- Born: 10 January 1972 (age 54) Soka, Saitama, Japan
- Occupations: Singer; bassist; actor; television presenter;
- Instrument: Bass
- Years active: 1989–2018
- Labels: Universal Music Japan; J Storm; Sony Music Entertainment;
- Formerly of: Tokio

= Tatsuya Yamaguchi (actor) =

Japanese singer, TV presenter (born 1972)

Tatsuya Yamaguchi (山口 達也, Yamaguchi Tatsuya) is a Japanese former singer, television presenter, and bassist for the Johnny & Associates group Tokio.

==Career==
He has acted in several movies and television shows as well as being a co-star for Tokio's variety shows Tokio Kakeru and The Tetsuwan Dash.
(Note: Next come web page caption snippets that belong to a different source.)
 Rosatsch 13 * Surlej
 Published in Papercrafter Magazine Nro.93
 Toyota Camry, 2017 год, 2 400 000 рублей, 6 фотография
On 25 April 2018, news broke that Yamaguchi had been referred to prosecutors for allegedly kissing a girl against her will at his home in Minato, Tokyo, in February 2018. At a hastily arranged news conference at a hotel in Tokyo on 26 April, Yamaguchi apologized for kissing and engaging in indecent behavior with a high school-aged girl. A lawyer representing Johnny & Associates, the talent agency that manages Tokio, announced that Yamaguchi would be indefinitely suspended from activities.

On 6 May 2018, Johnny & Associates announced that they had terminated their contract with Yamaguchi.

==Personal life==

Yamaguchi married a former model in March 2008. On 5 August 2016, he announced that they had divorced.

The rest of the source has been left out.